The Canadian Alliance proposes to raise the basic personal exemption to $10,000 and match it with a $10,000 spousal equivalent. We would no longer have second class citizens when it comes to the tax code. Stay at home parents would no longer be regarded as having less economic value than their income earning spouses. We would also have a $3,000 per child tax credit, which would mean that a family of four under our system would face zero taxes on their first $26,000 of income. That would remove at least 1.4 million low income Canadians from the tax rolls.

I find it galling to see Liberals pat themselves on the back about how progressive they are and how they favour the poor when in fact they oppose measures like this one, measures which would give real relief to the working poor and people on fixed incomes. That is another reason we oppose the bill.

We are not just penalizing people at the low end of the scale. Through the bill and in its economic statement of October the government would raise income thresholds at which people are taxed at higher levels at marginal rates. That is a baby step in the right direction but we are still miles from the threshold levels for marginal rates as set in the United States.

People do not enter the highest tax bracket in the United States until they earn over $250,000 U.S., or well over $350,000 Canadian, whereas one enters that bracket in Canada upon earning $100,000 Canadian. Bright young entrepreneurs who work hard, succeed and get ahead are penalized by the government the moment they break into six figures, but people in the United States earn three to four times that before being hit by the highest marginal rate.

I can feel my Liberal colleagues' soak the rich, politics of envy gene kicking in. They want to stand and say that the rich should pay their share. Successful Canadians do pay their share. The top 10% of income earners earn about one-third of the income in the country and pay about half the income taxes. The top 1% of income earners earn about 9% of the income and pay about 20% of taxes.

Those who create the most wealth and are successful pay a hugely disproportionate share of taxes. I am not necessarily arguing with that. However they would create more wealth, invest more, take more risks and ultimately create more jobs if we raised the income thresholds for the marginal rates substantially higher as is the case for many of our competitors.

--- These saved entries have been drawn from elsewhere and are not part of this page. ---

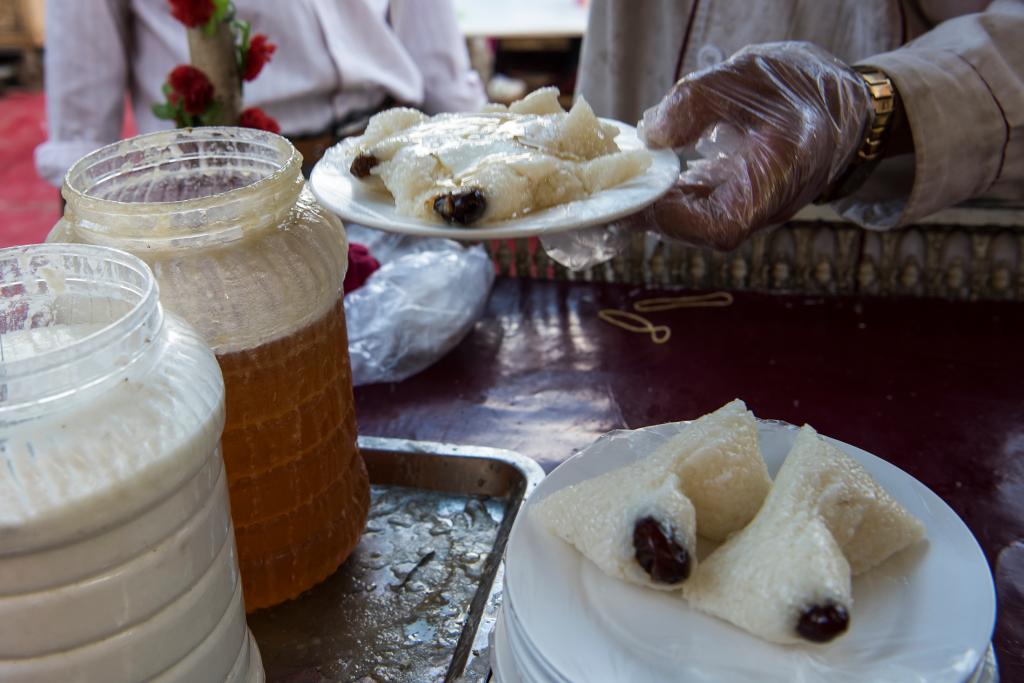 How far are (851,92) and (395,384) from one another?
809 millimetres

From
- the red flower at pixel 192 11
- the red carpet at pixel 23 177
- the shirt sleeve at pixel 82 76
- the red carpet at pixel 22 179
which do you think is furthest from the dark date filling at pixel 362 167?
the red carpet at pixel 22 179

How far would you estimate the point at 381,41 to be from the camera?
278 cm

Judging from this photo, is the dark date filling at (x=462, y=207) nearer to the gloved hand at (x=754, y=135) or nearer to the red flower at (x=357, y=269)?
the gloved hand at (x=754, y=135)

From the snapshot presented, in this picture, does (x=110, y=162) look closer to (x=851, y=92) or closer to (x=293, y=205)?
(x=293, y=205)

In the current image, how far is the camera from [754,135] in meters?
1.23

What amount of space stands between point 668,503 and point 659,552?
0.04 m

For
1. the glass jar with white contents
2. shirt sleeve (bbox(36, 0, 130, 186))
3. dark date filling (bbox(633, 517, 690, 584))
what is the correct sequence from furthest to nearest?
shirt sleeve (bbox(36, 0, 130, 186)), dark date filling (bbox(633, 517, 690, 584)), the glass jar with white contents

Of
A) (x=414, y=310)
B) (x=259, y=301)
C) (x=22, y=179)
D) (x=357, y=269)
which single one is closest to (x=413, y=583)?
(x=259, y=301)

The Canadian Alliance Party thinks the optimum tax policy is not to penalize people for working hard. We would adopt the generous exemptions I have outlined plus eventually a single rate which is progressive. We propose a rate of 17%. That would mean a family of four with $26,000 in income, given the generous credits we have proposed, would pay zero taxes. A family of four with $52,000 of income would pay 17% on only the taxable half of its income. It would pay an effective rate of 8.5%. A family of four with a multimillion dollar income would effectively pay 17%. My colleague from Toronto—Danforth who is the principal advocate of this idea knows full well that it is progressive.

We have serious concerns about the inability of the government to get tax policy right. Not only are we falling behind in terms of productivity growth. We are doing so in terms of competitiveness. We are not keeping up.

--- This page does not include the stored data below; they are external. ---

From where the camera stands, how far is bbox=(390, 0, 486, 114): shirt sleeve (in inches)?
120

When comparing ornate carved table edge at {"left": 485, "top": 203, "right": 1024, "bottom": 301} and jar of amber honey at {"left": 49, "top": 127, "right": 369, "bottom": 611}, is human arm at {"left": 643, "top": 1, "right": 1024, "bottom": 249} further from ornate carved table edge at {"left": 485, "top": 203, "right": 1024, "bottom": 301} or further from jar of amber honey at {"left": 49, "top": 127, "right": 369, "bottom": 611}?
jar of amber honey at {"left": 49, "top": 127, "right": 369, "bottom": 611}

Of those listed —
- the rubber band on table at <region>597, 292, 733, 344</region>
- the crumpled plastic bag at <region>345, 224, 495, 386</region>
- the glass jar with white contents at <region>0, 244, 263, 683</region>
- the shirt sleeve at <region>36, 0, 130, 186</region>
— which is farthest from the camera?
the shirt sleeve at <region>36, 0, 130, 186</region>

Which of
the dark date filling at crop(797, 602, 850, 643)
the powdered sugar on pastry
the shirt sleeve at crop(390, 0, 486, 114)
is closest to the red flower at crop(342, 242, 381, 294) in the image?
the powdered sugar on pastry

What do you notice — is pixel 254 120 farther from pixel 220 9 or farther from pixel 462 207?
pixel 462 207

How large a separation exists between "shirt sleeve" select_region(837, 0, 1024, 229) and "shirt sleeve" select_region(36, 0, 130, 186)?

We are not keeping up on corporate taxes. According to a major study done by KPMG that appeared in the Economist last month, we have the highest corporate income taxes in the OECD at 42.1%. Our personal income tax burden, relatively speaking, is at least 21% higher than in the United States. In terms of competitiveness we are now ranked seventh by the World Economic Forum compared to the first place United States. Ireland, which is now in fifth place, has leap frogged over us. We have fallen behind in standard of living.

This is reflected in the value of our currency which is hovering at an all time low. Our currency has lost 25% of its value during the tenure of the Liberal government. It has a value of 65, 64 and sometimes 63 U.S. cents. That is an embarrassment and a reflection of the impoverishment of this nation under the policies of the Liberal government.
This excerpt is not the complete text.